Connor has made deposits of $\$ 85.00$ into his savings account at the end of every three months for 14 years. If interest is $11 \%$ per annum compounded monthly and he leaves the accumulated balance for another 4 years, what would be the balance in his account then? The balance in his account would be $\$ \square$. (Round the final answer to the nearest cent as needed. Round all intermediate values to six decimal places as needed.)
Solution
Step 1 :Let's denote the total amount in the account after 14 years as \(A1\) and the total amount in the account after another 4 years as \(A2\).
Step 2 :Since Connor deposits money every three months, there are 4 deposits in a year. So, in 14 years, there are \(14*4 = 56\) deposits.
Step 3 :The interest is compounded monthly, so the interest rate per period is \(\frac{11\%}{12} = 0.00916667\).

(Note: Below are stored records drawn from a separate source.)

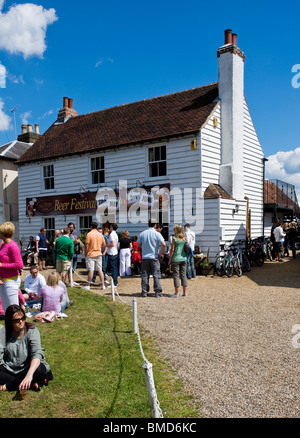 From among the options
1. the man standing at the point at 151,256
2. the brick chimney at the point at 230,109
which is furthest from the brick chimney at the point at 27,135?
the man standing at the point at 151,256

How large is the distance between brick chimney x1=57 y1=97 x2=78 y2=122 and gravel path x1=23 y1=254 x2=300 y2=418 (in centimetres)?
1539

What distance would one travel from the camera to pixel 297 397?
4.27 m

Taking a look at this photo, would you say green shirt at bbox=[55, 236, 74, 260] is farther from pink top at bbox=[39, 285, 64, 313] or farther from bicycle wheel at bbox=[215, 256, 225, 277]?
bicycle wheel at bbox=[215, 256, 225, 277]

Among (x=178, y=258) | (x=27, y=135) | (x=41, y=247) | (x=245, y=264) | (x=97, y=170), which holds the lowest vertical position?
(x=245, y=264)

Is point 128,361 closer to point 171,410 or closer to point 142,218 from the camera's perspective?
point 171,410

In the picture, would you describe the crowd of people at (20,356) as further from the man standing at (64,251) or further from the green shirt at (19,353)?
the man standing at (64,251)

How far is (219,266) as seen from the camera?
1394 centimetres

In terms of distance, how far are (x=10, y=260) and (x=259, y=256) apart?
12.3 metres

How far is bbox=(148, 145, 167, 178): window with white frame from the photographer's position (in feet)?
53.3

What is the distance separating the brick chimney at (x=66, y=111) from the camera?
2362 centimetres

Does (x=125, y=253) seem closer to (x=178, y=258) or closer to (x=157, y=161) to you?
(x=178, y=258)

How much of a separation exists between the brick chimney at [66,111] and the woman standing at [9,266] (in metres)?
18.7

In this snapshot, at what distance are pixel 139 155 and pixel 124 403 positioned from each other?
1351 cm

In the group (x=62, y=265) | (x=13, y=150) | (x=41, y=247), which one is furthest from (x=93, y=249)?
(x=13, y=150) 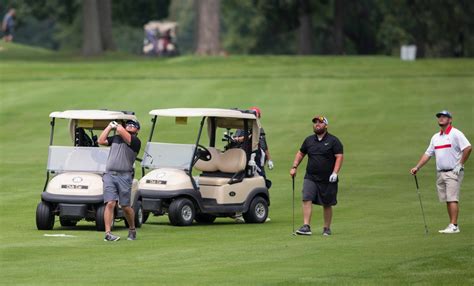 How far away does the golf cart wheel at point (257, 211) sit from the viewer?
21750 mm

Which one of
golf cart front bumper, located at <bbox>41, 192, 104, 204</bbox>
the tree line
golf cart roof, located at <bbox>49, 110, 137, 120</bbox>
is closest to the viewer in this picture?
golf cart front bumper, located at <bbox>41, 192, 104, 204</bbox>

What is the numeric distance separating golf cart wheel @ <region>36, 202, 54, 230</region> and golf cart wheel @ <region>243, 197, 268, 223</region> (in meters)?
Answer: 3.15

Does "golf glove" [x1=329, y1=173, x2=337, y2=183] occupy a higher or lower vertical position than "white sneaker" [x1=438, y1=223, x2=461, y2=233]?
higher

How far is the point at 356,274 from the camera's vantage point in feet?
49.9

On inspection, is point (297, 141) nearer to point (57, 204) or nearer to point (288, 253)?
point (57, 204)

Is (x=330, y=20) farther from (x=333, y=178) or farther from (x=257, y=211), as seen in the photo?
(x=333, y=178)

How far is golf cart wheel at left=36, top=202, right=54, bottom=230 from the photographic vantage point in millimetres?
20047

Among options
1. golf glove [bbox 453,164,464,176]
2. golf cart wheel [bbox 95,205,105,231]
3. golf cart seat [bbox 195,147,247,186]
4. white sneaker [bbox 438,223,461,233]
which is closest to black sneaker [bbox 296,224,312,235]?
white sneaker [bbox 438,223,461,233]

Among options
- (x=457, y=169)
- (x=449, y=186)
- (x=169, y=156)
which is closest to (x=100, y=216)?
(x=169, y=156)

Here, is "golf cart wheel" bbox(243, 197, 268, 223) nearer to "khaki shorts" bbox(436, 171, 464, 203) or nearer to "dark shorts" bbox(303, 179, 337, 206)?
"dark shorts" bbox(303, 179, 337, 206)

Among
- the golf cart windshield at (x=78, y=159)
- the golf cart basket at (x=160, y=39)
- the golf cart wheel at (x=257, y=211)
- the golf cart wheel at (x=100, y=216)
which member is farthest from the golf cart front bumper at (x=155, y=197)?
the golf cart basket at (x=160, y=39)

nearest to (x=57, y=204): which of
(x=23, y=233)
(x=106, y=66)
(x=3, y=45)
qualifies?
(x=23, y=233)

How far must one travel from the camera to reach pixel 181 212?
20.9 m

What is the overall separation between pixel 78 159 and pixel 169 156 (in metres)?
1.44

Step 4 :We can use the formula for the future value of an ordinary annuity to calculate \(A1\): \(A1 = P * [(1 + r)^{nt} - 1] / r\), where \(P\) is the amount of each deposit, \(r\) is the interest rate per period, and \(nt\) is the total number of periods.
Step 5 :Substituting the given values, we get: \(A1 = 85 * [(1 + 0.00916667)^{56} - 1] / 0.00916667 = \$7,238.96\).
Step 6 :Next, we need to calculate \(A2\). The amount \(A1\) will be compounded for another 4 years at the monthly interest rate of 0.00916667.
Step 7 :We can use the formula for compound interest to calculate \(A2\): \(A2 = A1 * (1 + r)^{nt}\), where \(A1\) is the initial amount, \(r\) is the interest rate per period, and \(nt\) is the total number of periods.
Step 8 :Substituting the given values, we get: \(A2 = 7238.96 * (1 + 0.00916667)^{(4*12)} = \$10,315.68\).
Step 9 :So, the balance in his account would be \(\boxed{\$10,315.68}\).